→ AVAILABLE DATA:
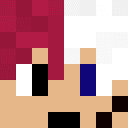 M4rce3000's avatar
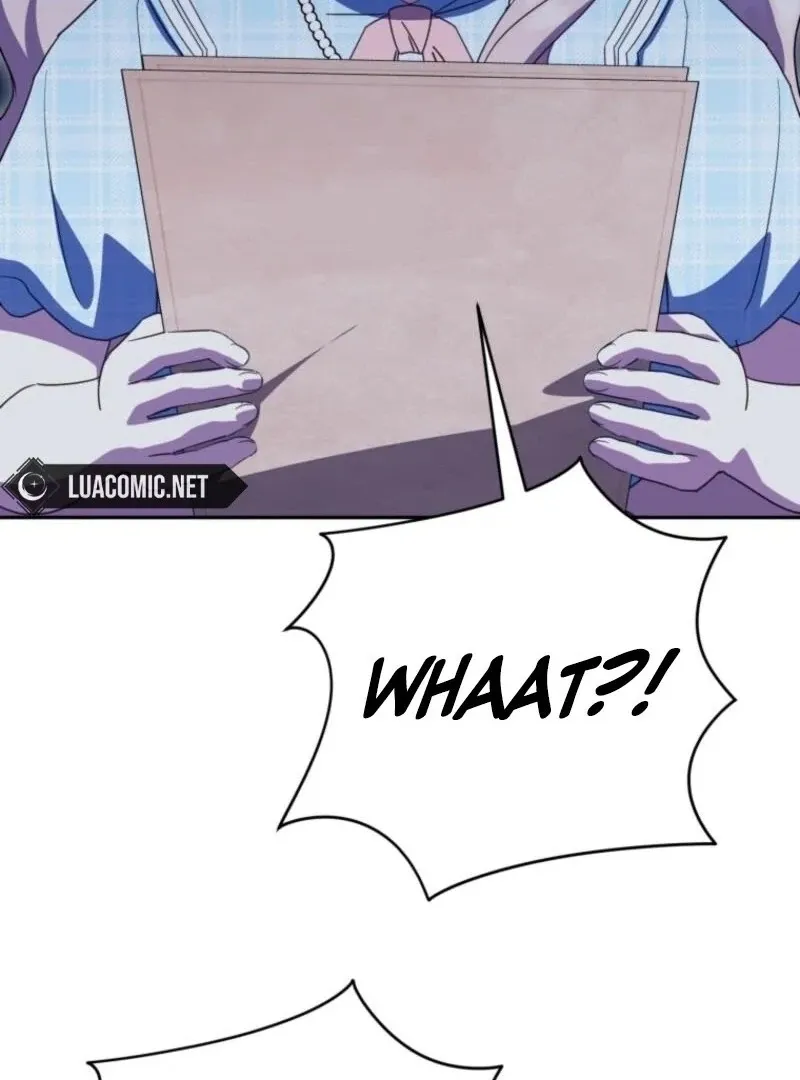 Read The Princess Is Evil chapter 163 image 95 on Lezhin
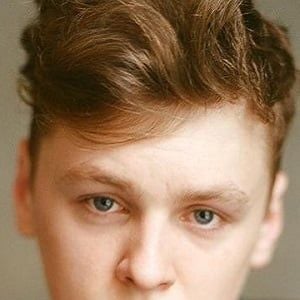 Fotoğraf Nikita Elenev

→ WHAT IS NEEDED: Excluding the pictures, retype the line containing "Read The Princess" and all lines after it down to the end of the data above.

→ SOLUTION BELOW:
 Read The Princess Is Evil chapter 163 image 95 on Lezhin
 Fotoğraf Nikita Elenev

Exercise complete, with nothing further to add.